SEBI Introduces Key Amendments to Foreign Venture Capital Investors Regulations

The Securities and Exchange Board of India (SEBI) has released the Securities and Exchange Board of India (Foreign Venture Capital Investors) (Amendment) Regulations, 2025, making targeted changes to the two-decade-old FVCI Regulations, 2000. As India continues to deepen its integration with global capital markets, these amendments are aimed at easing access for “trusted” foreign investors while enhancing regulatory coherence across investment categories.

Below is a comprehensive overview of the amendments and their implications for foreign venture capital investors (FVCIs), fund managers, and India’s startup ecosystem.

Introducing SWAGAT-FI Into FVCI Regulations

One of the most impactful changes is the formal introduction of the Single Window Automatic and Generalised Access for Trusted Foreign Investor (SWAGAT-FI) framework into the FVCI regulatory regime.

A new clause—Regulation 2(1)(ka)—brings SWAGAT-FI into the FVCI ecosystem, aligning it with the definition already introduced under the amended FPI Regulations, 2019. Through this harmonization, SEBI ensures a seamless compliance architecture for trusted foreign investors across both portfolio and venture capital routes.

SWAGAT-FI status is expected to significantly ease the onboarding and compliance process for government-backed investors, sovereign wealth funds, widely held public retail funds, and similar low-risk institutional entities.

Key Exemptions for SWAGAT-FI Entities

SEBI has introduced multiple compliance relaxations for SWAGAT-FI entities within the FVCI framework:

1. Exemption from Certain Registration Requirements (Regulation 3)

A new proviso specifies that sub-regulation (2)—which typically governs the eligibility and application requirements—will not apply to SWAGAT-FIs.
This reduces paperwork, accelerates registration, and offers a smoother entry mechanism.

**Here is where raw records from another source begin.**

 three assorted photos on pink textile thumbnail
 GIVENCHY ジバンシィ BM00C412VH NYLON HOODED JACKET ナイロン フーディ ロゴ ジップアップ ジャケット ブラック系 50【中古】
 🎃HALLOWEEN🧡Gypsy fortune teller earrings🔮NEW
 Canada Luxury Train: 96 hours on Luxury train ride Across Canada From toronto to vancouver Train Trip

2. Modified Renewal Fee Structure (Regulation 9)

For SWAGAT-FI registrants, renewal fees will be:

  • Payable once every ten years,
  • Beginning from the eleventh year of registration.

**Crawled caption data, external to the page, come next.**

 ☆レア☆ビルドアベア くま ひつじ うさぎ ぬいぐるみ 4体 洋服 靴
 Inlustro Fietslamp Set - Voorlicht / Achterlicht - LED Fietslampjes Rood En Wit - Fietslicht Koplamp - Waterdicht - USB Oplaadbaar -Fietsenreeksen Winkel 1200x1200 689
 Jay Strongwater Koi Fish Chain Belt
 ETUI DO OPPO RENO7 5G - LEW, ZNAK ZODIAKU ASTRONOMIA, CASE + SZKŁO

This extended fee cycle aligns with long-term institutional investment horizons and reduces administrative overhead.

3. Removal of Investment Caps for SWAGAT-FIs (Regulation 11)

The existing limits requiring:

  • 66.67% investment into unlisted equity or equity-linked instruments, and
  • 33.33% into specified permitted categories,

will not apply to SWAGAT-FIs.

This is a major liberalization. It provides SWAGAT-FI investors with full flexibility in:

  • Deploying capital across sectors,
  • Structuring investments,
  • Allocating between listed and unlisted securities.

Such flexibility is crucial for large-scale strategic funds, sovereign investors, and public retail pools that operate with diverse mandates.

Aligned Amendments in the Second Schedule

Further amendments clarify how renewal fees must be paid:

  • SWAGAT-FIs must pay renewal fees in advance for every ten-year block,
  • Effective from the eleventh year onward,
  • Ensuring continuous and long-term registration validity.

This creates predictability and aligns with SEBI’s broader effort to streamline long-term foreign investment pathways.

When Do These Amendments Take Effect?

All the amendments will take effect 180 days after publication in the Official Gazette—ensuring stakeholders have ample transition time.

A Strategic Move for India’s Venture Investment Landscape

By integrating the SWAGAT-FI framework into venture capital regulations, SEBI is:

  • Promoting smoother participation from reliable foreign investors,
  • Strengthening India’s appeal as a global investment destination,
  • Supporting innovation and startup growth through easier foreign capital flows,
  • Harmonizing India’s foreign investment regulations.

Overall, the 2025 amendments mark a forward-looking step toward building a more agile, globally aligned, and investor-friendly regulatory ecosystem.